Home¶
Overview¶
batchtensor is a lightweight library built on top of PyTorch to manipulate
nested data structures with PyTorch tensors.
This library provides functions for tensors where the first dimension is the batch dimension.
It also provides functions for tensors representing a batch of sequences where the first dimension
is the batch dimension and the second dimension is the sequence dimension.
Key Features¶
- Nested Structure Support: Work with dictionaries, lists, and tuples containing tensors
- Batch Operations: Efficiently process batches of data along the batch dimension
- Sequence Operations: Handle sequential/temporal data along the sequence dimension
- Consistent API: Unified interface for both single tensors and nested structures
- Type Safety: Fully typed with comprehensive type hints
- Well Documented: Extensive documentation with examples for all functions
- Lightweight: Minimal dependencies (PyTorch and coola)

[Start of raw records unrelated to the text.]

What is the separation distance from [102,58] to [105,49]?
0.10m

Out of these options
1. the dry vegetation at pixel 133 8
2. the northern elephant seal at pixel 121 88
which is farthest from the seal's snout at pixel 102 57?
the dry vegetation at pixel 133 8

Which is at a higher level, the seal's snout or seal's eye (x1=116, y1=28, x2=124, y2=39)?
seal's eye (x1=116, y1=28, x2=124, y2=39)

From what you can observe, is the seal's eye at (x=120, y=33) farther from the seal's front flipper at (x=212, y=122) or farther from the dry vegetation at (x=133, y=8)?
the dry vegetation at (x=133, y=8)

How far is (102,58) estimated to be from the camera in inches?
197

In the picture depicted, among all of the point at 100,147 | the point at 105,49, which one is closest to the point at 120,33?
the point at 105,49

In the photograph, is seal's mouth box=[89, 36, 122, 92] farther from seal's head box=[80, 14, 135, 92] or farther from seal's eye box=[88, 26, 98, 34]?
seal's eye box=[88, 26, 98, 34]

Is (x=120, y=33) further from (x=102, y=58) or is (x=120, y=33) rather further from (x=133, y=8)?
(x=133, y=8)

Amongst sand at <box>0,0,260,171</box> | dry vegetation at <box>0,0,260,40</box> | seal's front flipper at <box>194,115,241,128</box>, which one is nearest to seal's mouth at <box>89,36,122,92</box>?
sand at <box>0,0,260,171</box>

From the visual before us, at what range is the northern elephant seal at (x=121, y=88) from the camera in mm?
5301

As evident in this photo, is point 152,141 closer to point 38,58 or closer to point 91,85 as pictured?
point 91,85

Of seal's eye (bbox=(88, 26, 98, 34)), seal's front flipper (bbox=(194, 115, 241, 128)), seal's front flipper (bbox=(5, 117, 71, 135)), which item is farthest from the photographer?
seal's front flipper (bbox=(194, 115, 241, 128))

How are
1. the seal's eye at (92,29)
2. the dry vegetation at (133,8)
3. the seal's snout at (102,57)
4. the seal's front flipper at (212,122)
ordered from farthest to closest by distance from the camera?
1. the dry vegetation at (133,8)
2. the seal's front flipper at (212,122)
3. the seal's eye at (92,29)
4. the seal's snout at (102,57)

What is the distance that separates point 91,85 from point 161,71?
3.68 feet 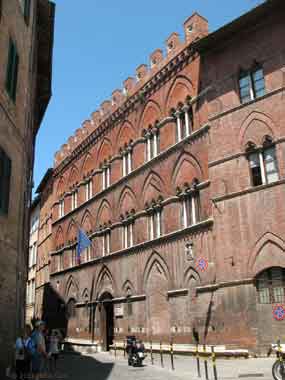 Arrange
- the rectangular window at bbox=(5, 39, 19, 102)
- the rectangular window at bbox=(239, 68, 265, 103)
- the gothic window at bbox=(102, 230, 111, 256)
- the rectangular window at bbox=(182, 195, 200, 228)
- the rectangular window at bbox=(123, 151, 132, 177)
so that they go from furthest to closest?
the gothic window at bbox=(102, 230, 111, 256) → the rectangular window at bbox=(123, 151, 132, 177) → the rectangular window at bbox=(182, 195, 200, 228) → the rectangular window at bbox=(239, 68, 265, 103) → the rectangular window at bbox=(5, 39, 19, 102)

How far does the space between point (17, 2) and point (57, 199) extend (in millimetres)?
23333

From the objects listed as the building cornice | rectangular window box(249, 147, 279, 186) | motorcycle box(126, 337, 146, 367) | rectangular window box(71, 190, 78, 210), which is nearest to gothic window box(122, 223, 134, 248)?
the building cornice

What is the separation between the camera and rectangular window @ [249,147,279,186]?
16188mm

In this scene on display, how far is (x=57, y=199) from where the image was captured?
3575 cm

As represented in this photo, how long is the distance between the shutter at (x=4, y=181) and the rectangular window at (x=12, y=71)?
75.2 inches

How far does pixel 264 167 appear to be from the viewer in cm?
1644

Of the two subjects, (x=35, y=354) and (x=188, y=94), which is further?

- Performance: Leverages PyTorch's optimized operations
Main Modules¶
- batchtensor.nested: Operations for nested data structures
- batchtensor.tensor: Operations for individual tensors
- batchtensor.utils: Utility functions for seed management
- batchtensor.constants: Dimension constants
Motivation¶
Let's imagine you have a batch which is represented by a dictionary with three tensors, and you want
to take the first 2 items.
batchtensor provides the function slice_along_batch that allows slicing all the tensors:
>>> import torch
>>> from batchtensor.nested import slice_along_batch
>>> batch = {
... "a": torch.tensor([[2, 6], [0, 3], [4, 9], [8, 1], [5, 7]]),
... "b": torch.tensor([4, 3, 2, 1, 0]),
... "c": torch.tensor([1.0, 2.0, 3.0, 4.0, 5.0]),
... }
>>> slice_along_batch(batch, stop=2)
{'a': tensor([[2, 6], [0, 3]]), 'b': tensor([4, 3]), 'c': tensor([1., 2.])}
Similarly, it is possible to split a batch into multiple batches by using the
function split_along_batch:
>>> import torch
>>> from batchtensor.nested import split_along_batch
>>> batch = {
... "a": torch.tensor([[2, 6], [0, 3], [4, 9], [8, 1], [5, 7]]),
... "b": torch.tensor([4, 3, 2, 1, 0]),
... "c": torch.tensor([1.0, 2.0, 3.0, 4.0, 5.0]),
... }
>>> split_along_batch(batch, split_size_or_sections=2)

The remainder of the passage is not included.